Barry Buzan, Michael T Klare, dan Daniel C Thomas, telah membangun teori baru yang melihat masalah non-militer sebagai penyebab munculnya instabilitas keamanan di suatu negara, kawasan, dan global. Masalah non-militer itu di antaranya, kelangkaan pangan akibat terganggunya ekosistem.

Pemikiran Buzan yang bermula dari karya monumentalnya People, States and Fear: An Agenda for International Security Studies in the Post-Cold War Era (1991), saat itu dinilai berlebihan dalam mengangkat isu non-militer sebagai setara kedudukannya dengan isu konvensional mi- liter.

Buzan ketika itu belum dapat meruntuhkan paradigma lama ancaman stabilitas keamanan, yang selama berabad-abad dipercaya bersumber dari pengembangan kekuatan militer lawan. Namun, dengan berakhirnya Perang Dingin dan runtuhnya supremasi militer Uni Soviet dan Blok Timur, teori Buzan menarik perhatian pemikir keamanan lainnya.

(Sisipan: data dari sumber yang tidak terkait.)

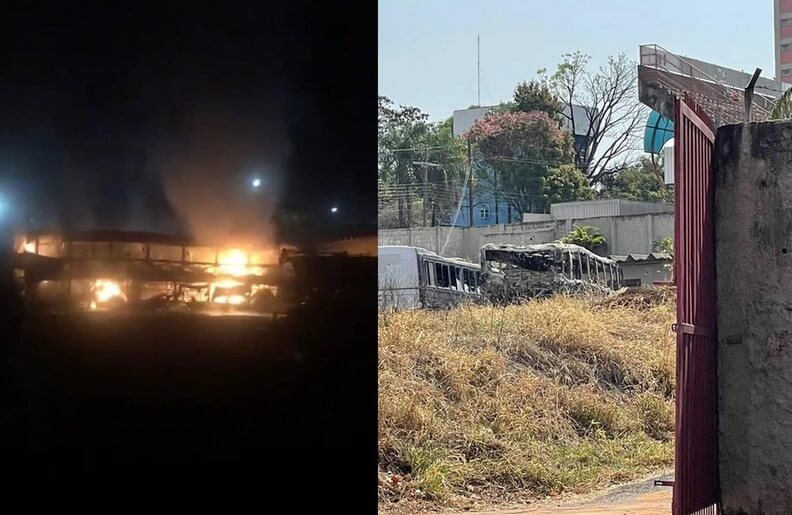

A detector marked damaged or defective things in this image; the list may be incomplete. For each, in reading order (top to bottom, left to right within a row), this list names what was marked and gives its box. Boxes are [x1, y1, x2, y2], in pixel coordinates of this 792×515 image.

burned bus wreck [11, 232, 288, 316]
burned bus wreck [480, 243, 620, 302]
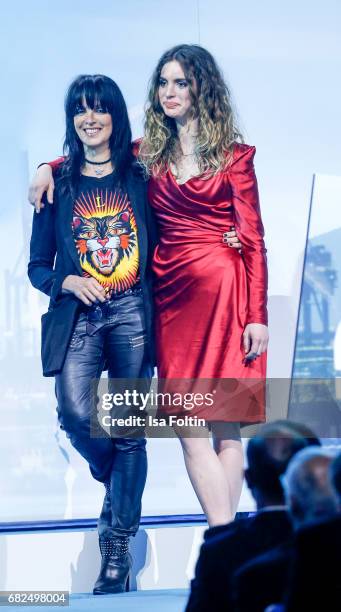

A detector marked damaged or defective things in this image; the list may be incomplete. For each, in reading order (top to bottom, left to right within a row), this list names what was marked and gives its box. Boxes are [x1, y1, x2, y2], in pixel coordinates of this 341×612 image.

ripped leather pants [55, 292, 151, 536]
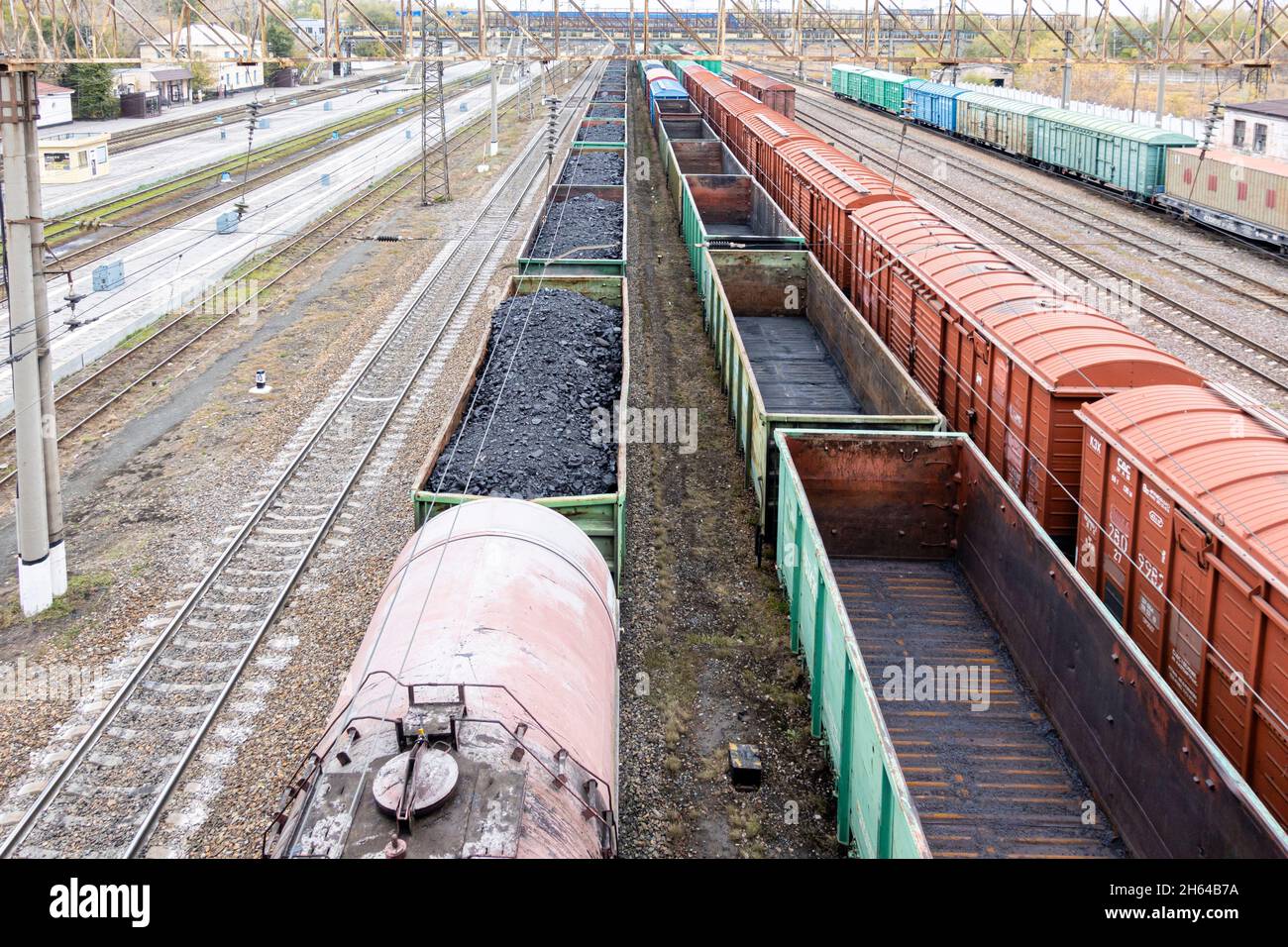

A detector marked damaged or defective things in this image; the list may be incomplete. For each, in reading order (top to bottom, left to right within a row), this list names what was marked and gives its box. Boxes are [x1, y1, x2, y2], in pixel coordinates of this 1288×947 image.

rusted metal panel [773, 430, 1288, 860]
rusted metal panel [1082, 386, 1288, 829]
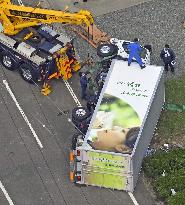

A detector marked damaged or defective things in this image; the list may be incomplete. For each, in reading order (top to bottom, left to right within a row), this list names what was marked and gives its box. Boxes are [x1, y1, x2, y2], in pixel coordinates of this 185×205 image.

overturned truck [69, 59, 165, 192]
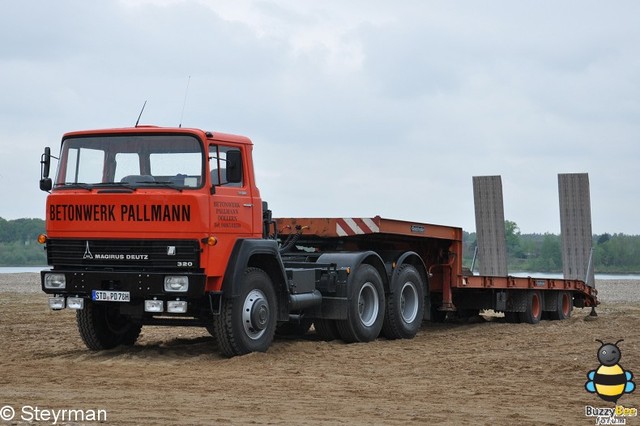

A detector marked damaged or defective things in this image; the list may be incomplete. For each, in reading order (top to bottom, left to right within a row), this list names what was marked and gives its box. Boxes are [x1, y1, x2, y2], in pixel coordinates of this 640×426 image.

rust on trailer [274, 216, 460, 243]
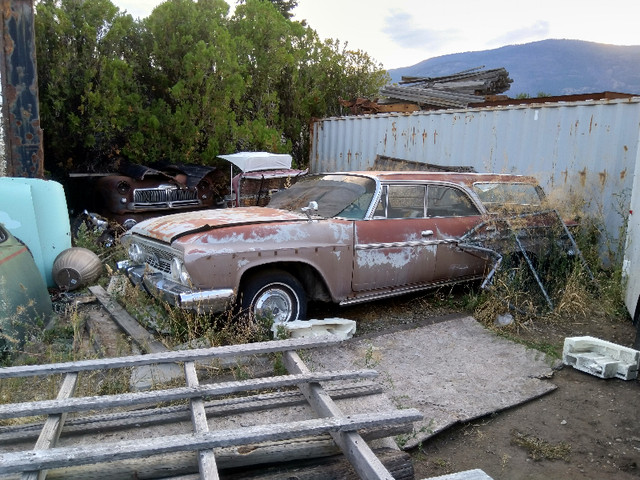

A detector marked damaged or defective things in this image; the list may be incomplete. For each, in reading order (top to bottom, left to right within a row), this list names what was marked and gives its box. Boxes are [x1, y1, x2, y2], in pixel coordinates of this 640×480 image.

rusty station wagon [120, 171, 552, 324]
abandoned car [119, 171, 560, 324]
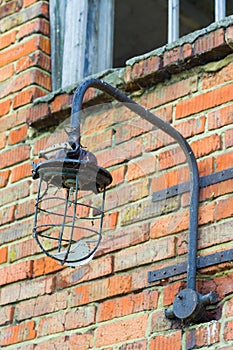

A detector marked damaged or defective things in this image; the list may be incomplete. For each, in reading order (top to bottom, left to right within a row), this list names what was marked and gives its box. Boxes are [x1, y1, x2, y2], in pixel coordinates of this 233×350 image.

rusty metal bracket [153, 167, 233, 202]
rusty metal bracket [148, 247, 233, 284]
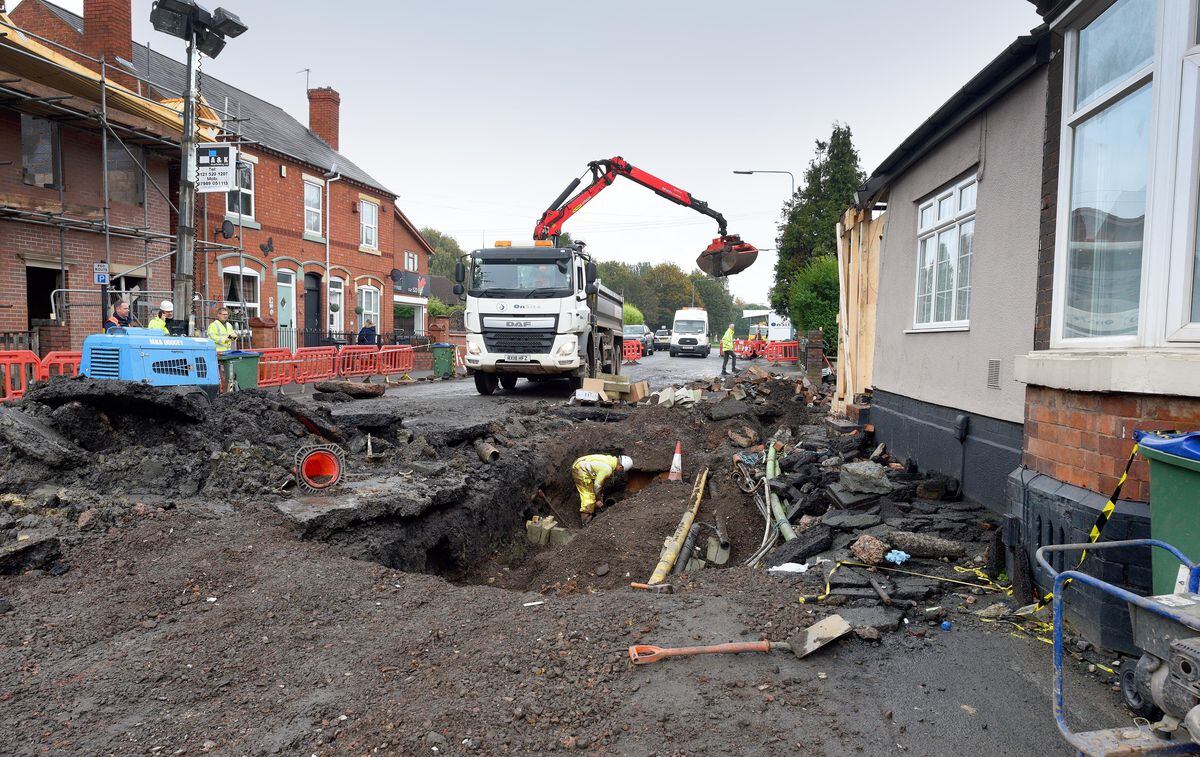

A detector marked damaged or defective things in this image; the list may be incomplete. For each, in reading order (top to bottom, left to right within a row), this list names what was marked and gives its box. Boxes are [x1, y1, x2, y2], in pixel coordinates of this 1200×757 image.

floodwater damage [0, 370, 1128, 752]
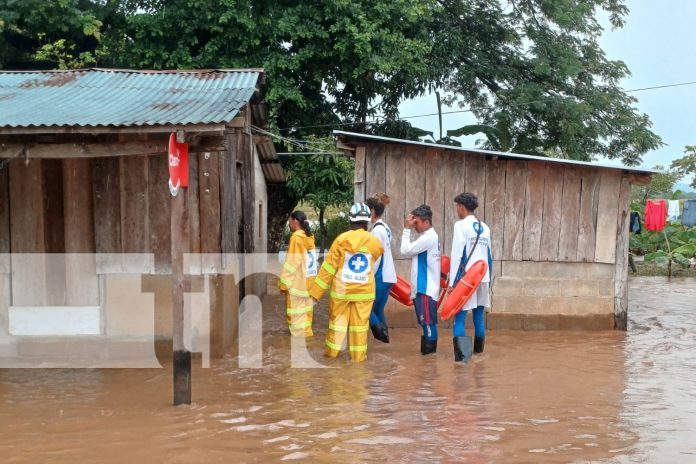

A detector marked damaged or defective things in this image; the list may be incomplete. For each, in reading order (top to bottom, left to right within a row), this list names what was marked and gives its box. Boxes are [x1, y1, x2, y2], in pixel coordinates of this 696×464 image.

rusty metal roof [0, 67, 264, 130]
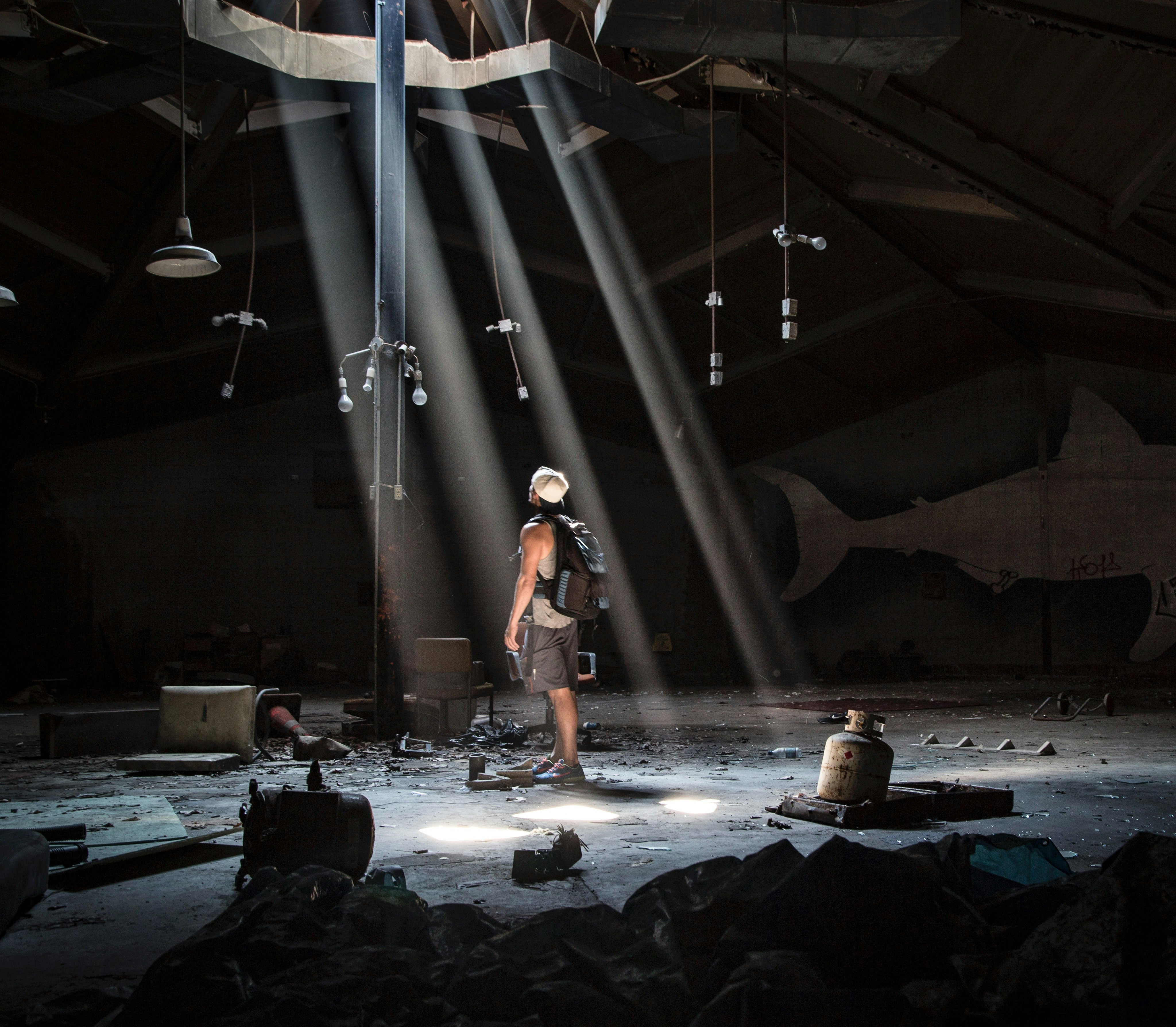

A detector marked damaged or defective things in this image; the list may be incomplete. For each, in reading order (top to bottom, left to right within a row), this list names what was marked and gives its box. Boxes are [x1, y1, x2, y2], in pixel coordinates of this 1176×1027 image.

broken concrete slab [39, 710, 158, 757]
broken concrete slab [116, 748, 242, 771]
rusted gas cylinder [818, 710, 889, 804]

Lalu, muncullah duet Klare dan Thomas mengembangkan pendapat Buzan dengan publikasi mereka, World Security: Challenges for a New Century (1994). Juga tidak dapat diabaikan di sini eksistensi Thomas Homer-Dixon yang berargumen lebih tegas, bahwa faktor non-militer yang bersumber dari perubahan lingkungan bisa muncul sebagai penyebab konflik akut.

Instabilitas Politik

Tidak mengejutkan sejak krisis pangan global berkembang serius pimpinan badan dunia, seperti UN, terutama FAO, mengingatkan krisis itu ibarat silent tsunami, yang implikasinya amat berbahaya terhadap keamanan di banyak negara. Menurut mereka, kenaikan harga pangan hingga waktu yang belum diketahui bisa melampaui tahun 2015, rawan memicu kerusuhan, dan instabilitas politik global.

Pandangan mereka sangat realistis, sebab kesulitan pangan dihadapi juga oleh penduduk negara maju AS dan Singapura. Siapa menyangka AS, negara adi daya tunggal pemenang Perang Dingin, mayoritas penduduknya mengeluh soal kenaikan harga bahan pokok?

Sementara Tiongkok, India, Rusia, dan Brasil, telah dituding sebagai kambing hitam kesalahan karena tidak dapat mengendalikan pertumbuhan penduduknya. Mereka dipersalahkan karena penduduknya, yang jumlah totalnya mencapai setengah penduduk dunia, menghabiskan sebagian besar pangan dunia. Lepas dari nafsu konsumerisme negara maju, penduduk di negara berkembang dan miskin di Amerika Latin, Asia, dan Afrika lainnya dituding sebagai penghasil kesulitan, sebab telah merusak lingkungan, sehingga tidak dapat lagi menanam komoditas pertanian.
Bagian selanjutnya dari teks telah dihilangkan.